There is a problem, if
\(\Delta t=\cfrac{v}{c}-1\)
when \(v=0\)
\(\Delta t=-1\)
when \(v=c\)
\(\Delta t=0\)
However near the equator, earth's motion is about \(460\,ms^{-1}\). In one second, earth has moved \(460\,m\). This means collapsed photon returning from one second in the future is \(460\,m\) away from the present position. The argument here for X ray penetration is that the photons materialize inside the object just in front of the X ray source, through a space of about \(0.2\,m\). This requires,
\(\Delta t=\cfrac{0.2}{460}=4.35\text{e-4}\,s\)

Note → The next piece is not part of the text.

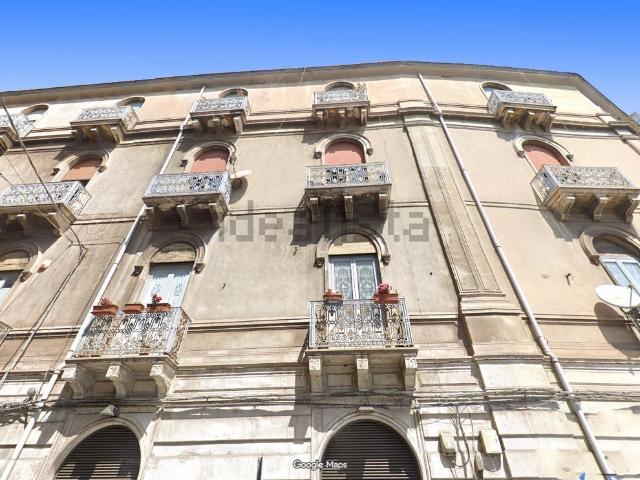 Appartamento in vendita di 325 m² in Via Antonino di Sangiuliano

This requires \(v\) to be nearer to \(c\).
We should have used,
\(\Delta t=\cfrac{v}{c}\)
instead, taking \(c\) as reference,
\(\cfrac{S_{p\,Cu}}{S_{p\,H_2}}=\cfrac{\cfrac{v_{boom\,Cu}}{c}}{\cfrac{v_{boom\,H_2}}{c}}\)
\(S_{p\,H_2}=\cfrac{v_{boom\,H_2}}{v_{boom\,Cu}}*S_{p\,Cu}\)

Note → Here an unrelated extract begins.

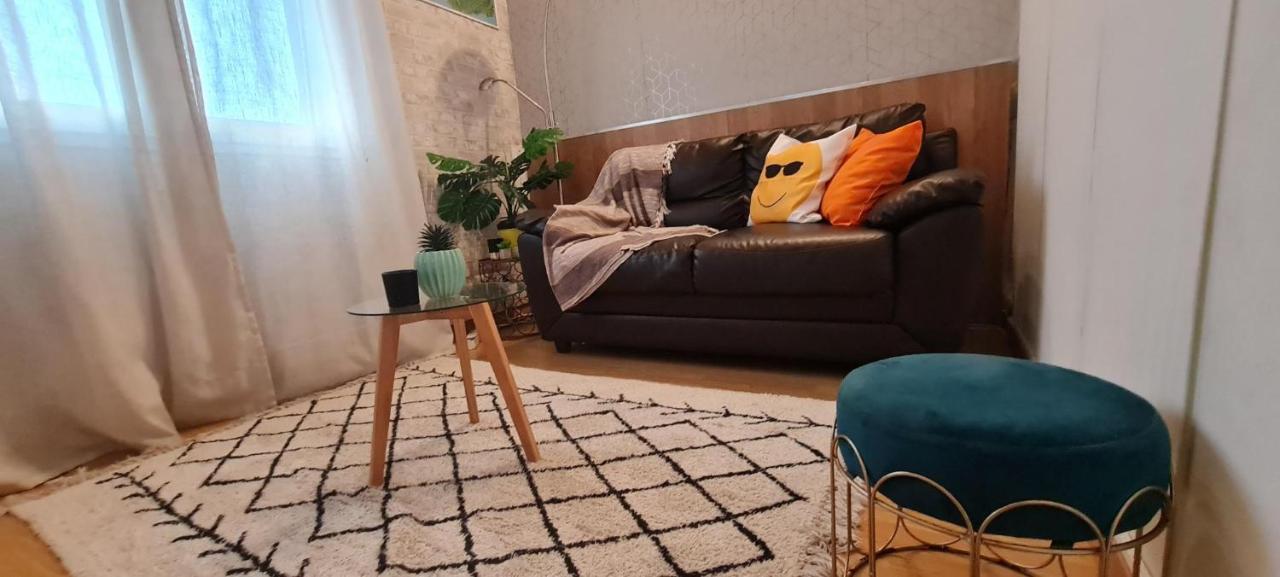 Cozy Apartment Close To Airport Понта-Делгада Экстерьер фото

\(S_{p\,H_2}=\cfrac{0.154}{1061.42}*0.2=2.902\text{e-5}\,m\)
X ray using Hydrogen gas (\(H_2\)), penetrates only \(30\,\mu m\). Either a very thin anode of less than thirty micron is used followed immediately by the object elements, or another element should be used to generate X ray in the posts "Probing The Nucleus" and "Probing Sideways" both dated 19 Jan 2018.
Better yet, without an anode at all. A thin object film placed at \(S_p\) (from the post "Quantifying Time Travel Backwards" dated 20 Jan 2018), without an intervening anode.